September is underrated — the summer crowds thin out, the weather is often still decent, and the light is beautiful.
October through April — the trail is walkable year-round, but winter brings short days, frequent rain, and some sections can be slippery. The Causeway and main attractions are still accessible, but the full trail is a harder proposition.
Rain is likely at any time of year. Northern Ireland gets a lot of it. Build this into your expectations rather than hoping to dodge it.
What to Pack
- Waterproof jacket and trousers — non-negotiable
- Walking boots or trail shoes — broken in and waterproof
- Layers — clifftop wind can be cold even in summer
- Map or GPS — OS 1:50,000 Sheet 5 covers the whole route; download the GPX as backup
- Water and food — very few shops between towns; carry at least a litre and a full day’s food
- Sun protection and small first aid kit — blisters are the main risk
- Cash — some smaller cafes along the route don’t take cards
Accommodation
Book ahead in summer, especially for the one or two nights along the route. Options include:
Portstewart: Several B&Bs on the seafront. The York is a classic.
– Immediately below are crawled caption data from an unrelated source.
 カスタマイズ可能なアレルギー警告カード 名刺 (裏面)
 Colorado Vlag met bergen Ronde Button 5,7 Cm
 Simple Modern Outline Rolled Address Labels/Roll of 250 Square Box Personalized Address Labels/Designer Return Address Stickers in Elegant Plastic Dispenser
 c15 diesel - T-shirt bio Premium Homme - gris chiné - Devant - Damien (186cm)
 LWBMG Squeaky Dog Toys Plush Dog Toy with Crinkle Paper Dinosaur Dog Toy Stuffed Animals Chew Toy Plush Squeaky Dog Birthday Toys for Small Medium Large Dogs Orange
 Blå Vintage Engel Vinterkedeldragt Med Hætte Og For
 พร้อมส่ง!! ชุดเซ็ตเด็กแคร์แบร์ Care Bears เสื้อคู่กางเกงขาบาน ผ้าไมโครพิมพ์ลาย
Bushmills / Giant’s Causeway area: The Bushmills Inn (pricier but lovely), the Causeway Hotel (right at the Causeway), Whitepark House (B&B near Whitepark Bay — highly rated), and several other B&Bs. The Ballylinny Hostel is the budget option.
Ballintoy: Limited options — a couple of B&Bs and a campsite. Book early.
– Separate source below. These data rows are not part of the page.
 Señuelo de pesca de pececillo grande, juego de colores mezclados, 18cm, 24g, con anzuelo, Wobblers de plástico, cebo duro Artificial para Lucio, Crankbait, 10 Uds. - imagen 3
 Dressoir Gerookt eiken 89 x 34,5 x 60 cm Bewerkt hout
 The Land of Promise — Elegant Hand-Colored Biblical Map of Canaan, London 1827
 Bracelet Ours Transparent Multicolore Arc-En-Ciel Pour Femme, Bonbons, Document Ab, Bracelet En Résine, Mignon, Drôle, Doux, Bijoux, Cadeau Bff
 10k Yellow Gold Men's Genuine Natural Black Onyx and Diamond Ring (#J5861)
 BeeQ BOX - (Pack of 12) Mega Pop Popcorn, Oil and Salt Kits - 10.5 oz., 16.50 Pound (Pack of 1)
Ballycastle: More choice here. Marine Hotel, several B&Bs, and the Ballycastle Backpackers hostel.
Baggage Transfer
If you don’t want to carry a full pack, baggage transfer services operate along the Causeway Coast. Walk NI and a few local operators will move your bags between overnight stops for around £10-15 per bag per day. This makes a significant difference to how much you enjoy the walk, especially on the longer day.
Arrange it at least a few days in advance during peak season.
Getting There and Back
To the start (Portstewart): Bus from Belfast to Coleraine (or train), then local bus to Portstewart. About 2 hours total. See how to get to Northern Ireland and our guide to things to do in Belfast if you’re starting from the capital.
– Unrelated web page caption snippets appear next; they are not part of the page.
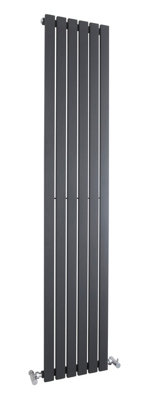 Lucia Square Vertical Single Panel Radiator - 1800mm x 354mm - 2307 BTU - Anthracite - Balterley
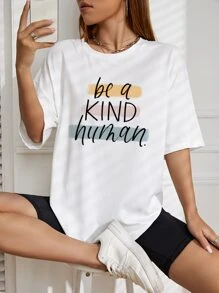 SHEIN EZwear 標語圖案落肩T恤 - 白色 - 查看 1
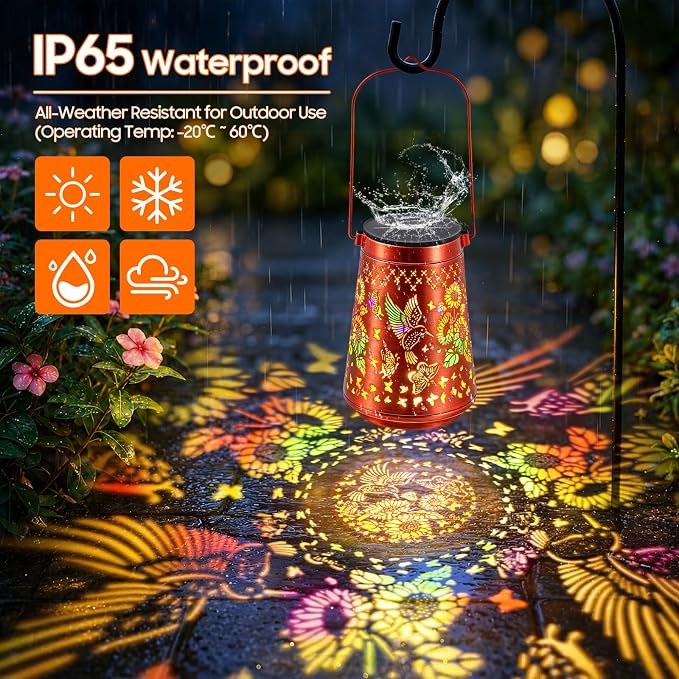 2 Pack Solar Lanterns Outdoor Waterproof Birthday Gifts for Women Mom | Colorful Hollow Metal Sunflowers Butterflies Hummingbirds Lantern, 2 Modes Hanging Solar Lights for Gardens, Patios Decor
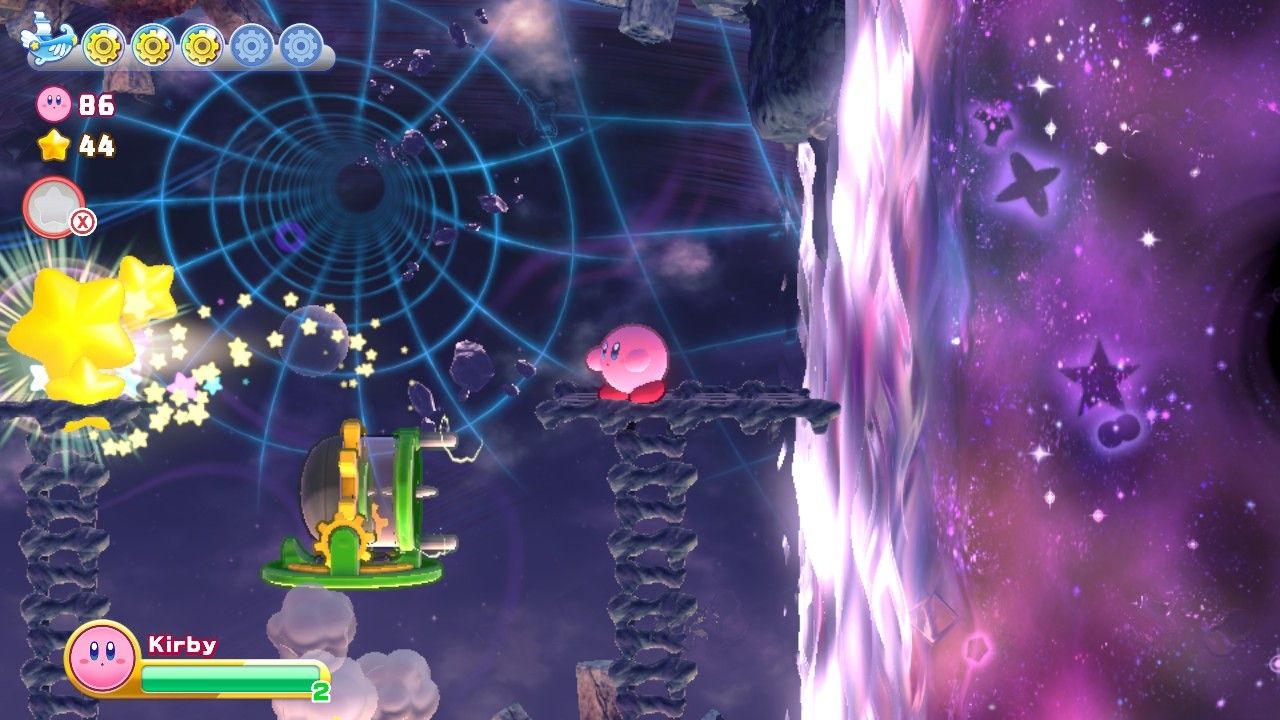 Kirby's Return To Dream Land Deluxe Dangerous Dinner Stage One Kirby Expels Block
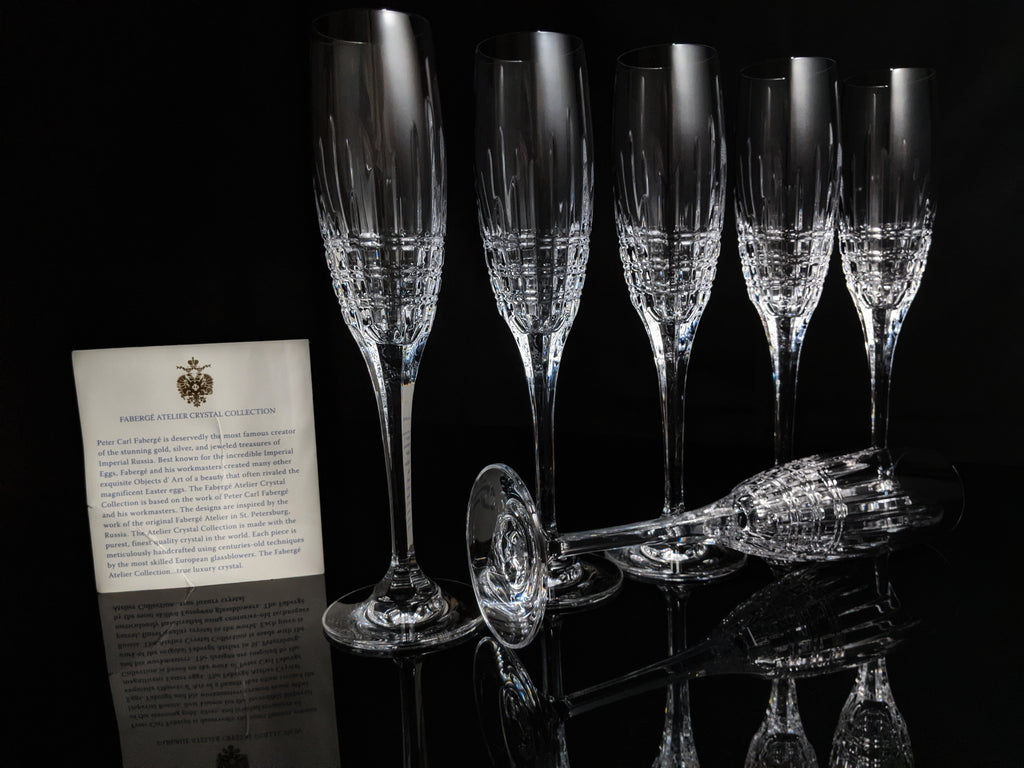 Faberge Crown Clear Cut Crystal Champagne Flutes Set of 6 NIB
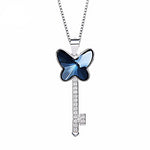 Sterling silver butterfly key necklace -Glintzia Jewelry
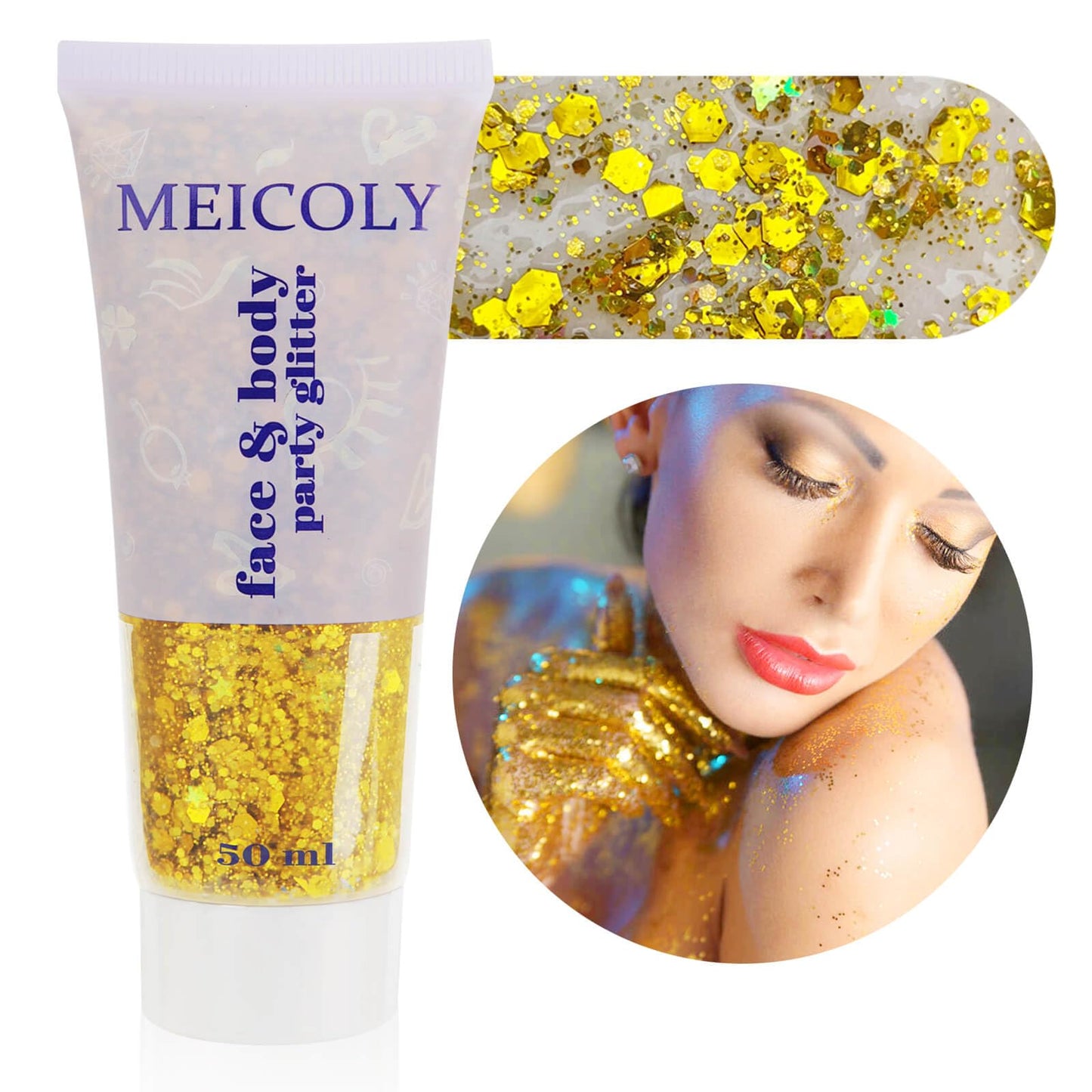 MEICOLY Gold Body Glitter,Yellow Face Glitter,Music Festival Accessories Outfits for Women,Mermaid Sequins Hair Glitter Makeup,Sparkle Face Body Glitter for Country Concert,Mardi Gras Accessories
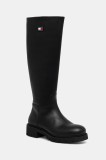 Tommy Jeans cizme TJW STRETCHY LONG SHAFT culoarea negru, cu toc plat, EN0EN02828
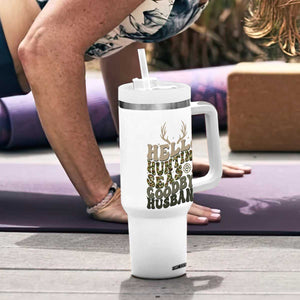 Hello Hunting Season Goodbye Husband Tumbler With Handle Funny Hunter Wife Gift TS12 Print Your Wear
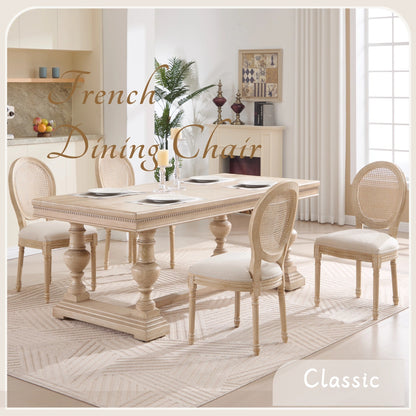 French Country Dining Chairs Set of 2, Upholstered Chairs with Nature Rattan Round Back, Wire drawing and carving techniques ,Disassemblable , for Living Room, Kitchen , Restaurant Use,Beige - 1st Choice Furniture Direct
From the finish (Ballycastle): Bus to Belfast, roughly 2.5 hours. The Rambler bus (seasonal) also connects the Causeway Coast towns.
Leaving a car: If you’re driving, it’s easiest to park in Ballycastle (free parking along the seafront) and take the bus to Portstewart, then walk back to your car.
If you’d prefer to drive this coast rather than walk it, see our Causeway Coastal Route driving guide. For another great walk in Northern Ireland, consider our Mourne Mountains hiking guide. The walk itself is a top budget-friendly activity — it costs nothing but shoe leather.
In 33 miles, you get a UNESCO World Heritage Site, a medieval castle ruin, half a dozen beaches, basalt cliffs, a rope bridge, and two pretty harbour villages. You don’t need specialist gear or mountain experience — just waterproofs, good shoes, and a willingness to keep going when the rain comes sideways. After 33 miles of this coastline, you’ll understand why people keep coming back.